Re: Release candence

Posted by Stamatis Zampetakis <za...@gmail.com>.
Thanks Peter and Zoltan for starting this discussion. Apologies for the
delay but I had the impression that I already sent this email.

I definitely agree with the idea of having quarterly releases no matter
what they are called (alpha, beta, or other).

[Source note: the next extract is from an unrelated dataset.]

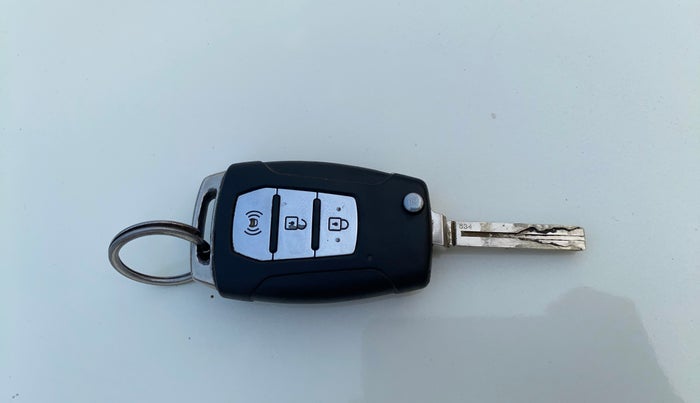 2021 Mahindra XUV300 W6 1.2 PETROL, Petrol, Manual, 89,530 km, Key Close Up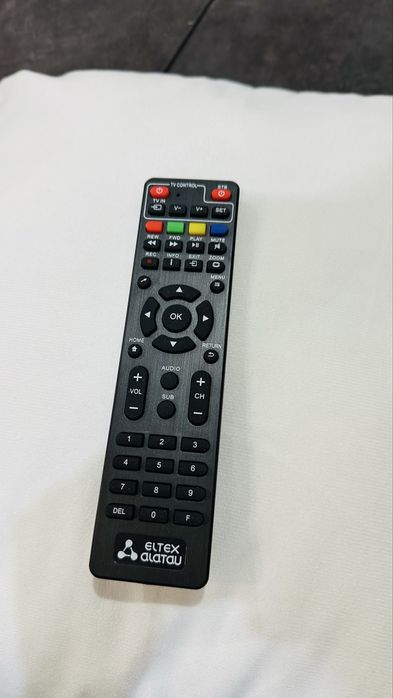 Продам пульт от приставки к телевизору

I wouldn't base the decision to move from alpha to beta so much on features
like Iceberg or JDK11 but rather on items that show the stability of the
release. Generally, I would be confident to move from alpha to beta if we:
* deploy Hive on a realistic setting and go over few use-cases
* don't identify serious regressions in the last X months

Setting up Hive on a cluster of 5-10 machines and running successfully all
TPC-DS queries over 10GB-100GB would be enough for me to say that we have a
realistic deployment.
Others would probably have different expectations/use-cases so we should
agree on the bare minimum that we would like to have since there is no way
to cover everything.

We released the alpha-1 version so that people can try it out and give
feedback about it. I really hope users take the time to test the recent
releases.
If for a certain period of time we see that there are no
serious regressions then we can move gradually from alpha to beta.
We can discuss the exact amount of time that we want to wait but I would
say that if we get another alpha release out (alpha-2) and people do not
report any serious problems we could move to beta-1.

For moving from beta to stable, I would follow the same scheme; stable
deployment and no important regressions for a reasonable amount of time.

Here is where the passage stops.